# [PROBLEM STATEMENT]
Set down the data again exactly. Pictures are not part of the copy.

##### DATA UNDER STUDY

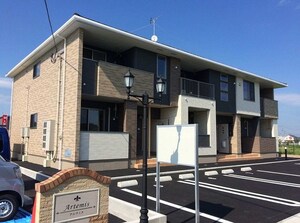 アルテミスA外観写真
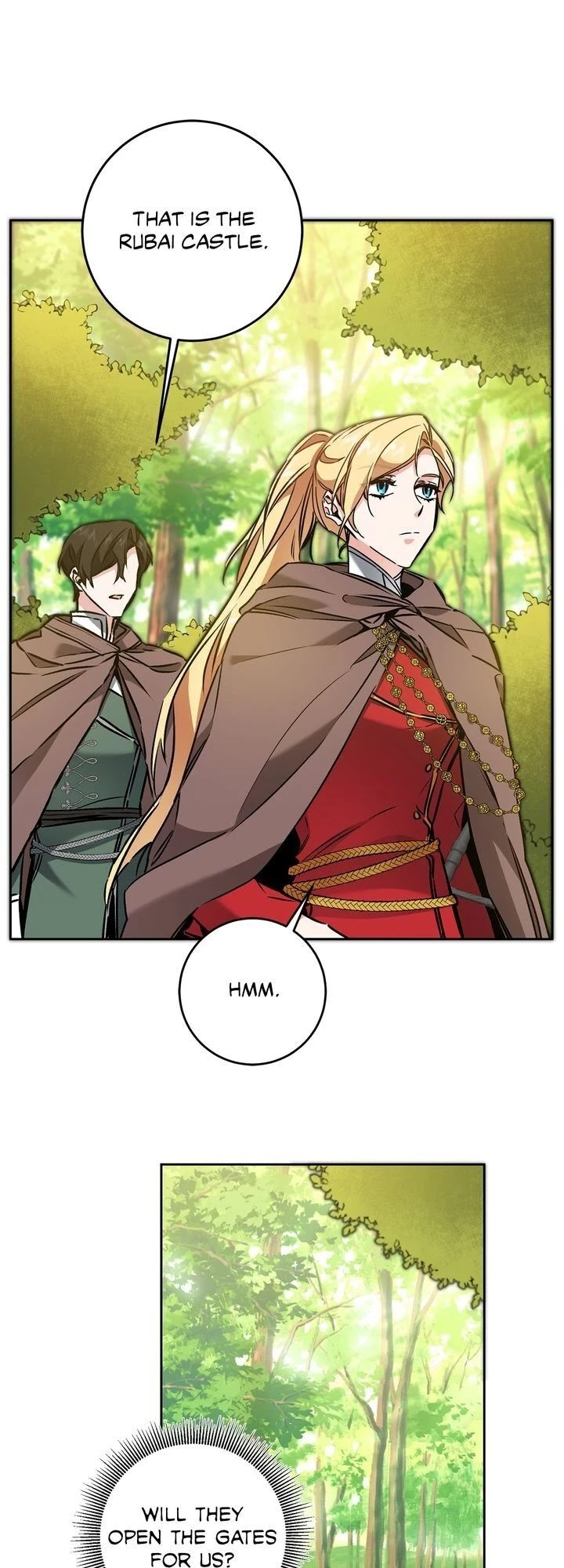 I've Become the Villainous Empress of a Novel Chapter 83 page 2 - Chapter 83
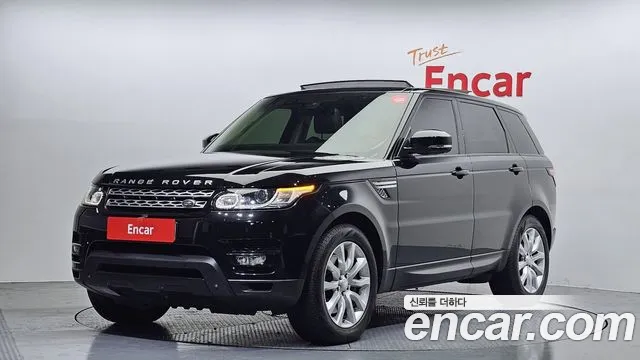 Land Rover Range Rover Sport 2015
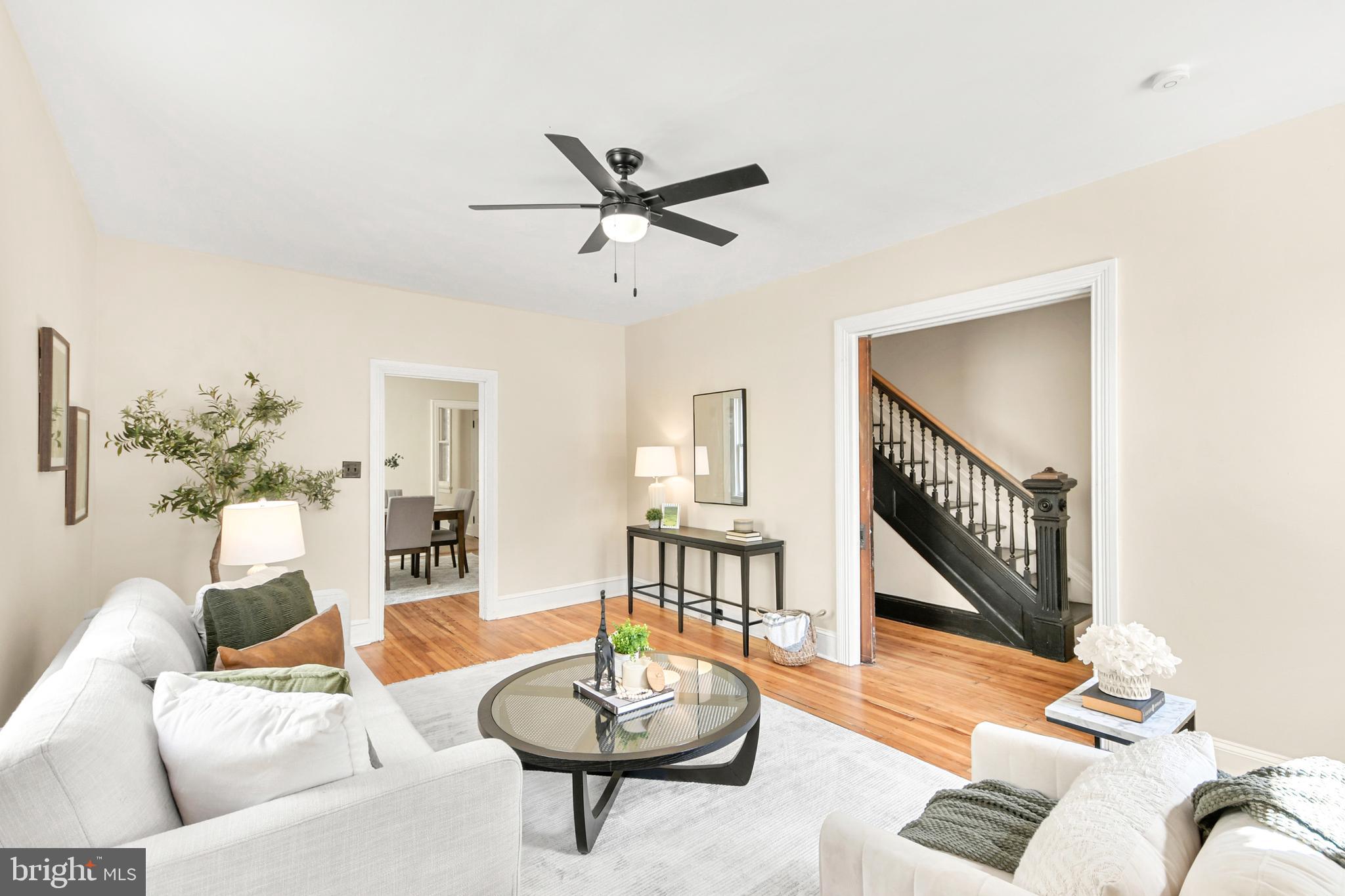 FREDERICK HISTORIC DISTRICT - Residential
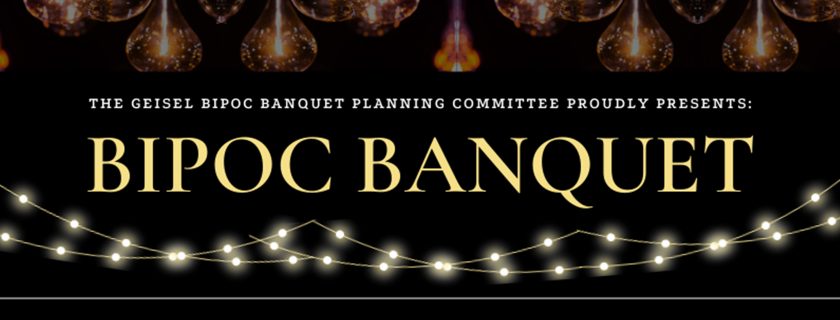 BIPOC Banquet: April 15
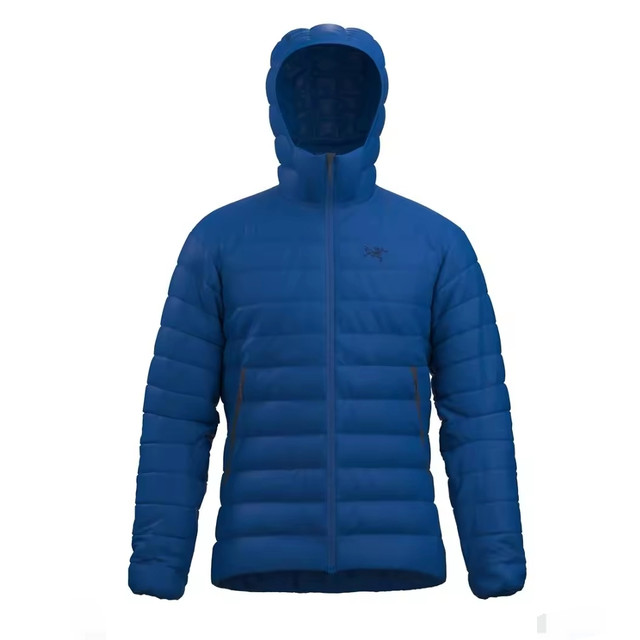 ARC'TERYX 男款 Cerium 羽绒连帽衫 二色可选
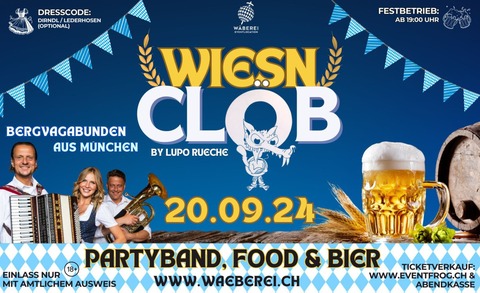 Wiesn-Clb - Liestal - 20.09.2024 19:00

##########

# [ANSWER AREA]
 アルテミスA外観写真
 I've Become the Villainous Empress of a Novel Chapter 83 page 2 - Chapter 83
 Land Rover Range Rover Sport 2015
 FREDERICK HISTORIC DISTRICT - Residential
 BIPOC Banquet: April 15
 ARC'TERYX 男款 Cerium 羽绒连帽衫 二色可选
 Wiesn-Clb - Liestal - 20.09.2024 19:00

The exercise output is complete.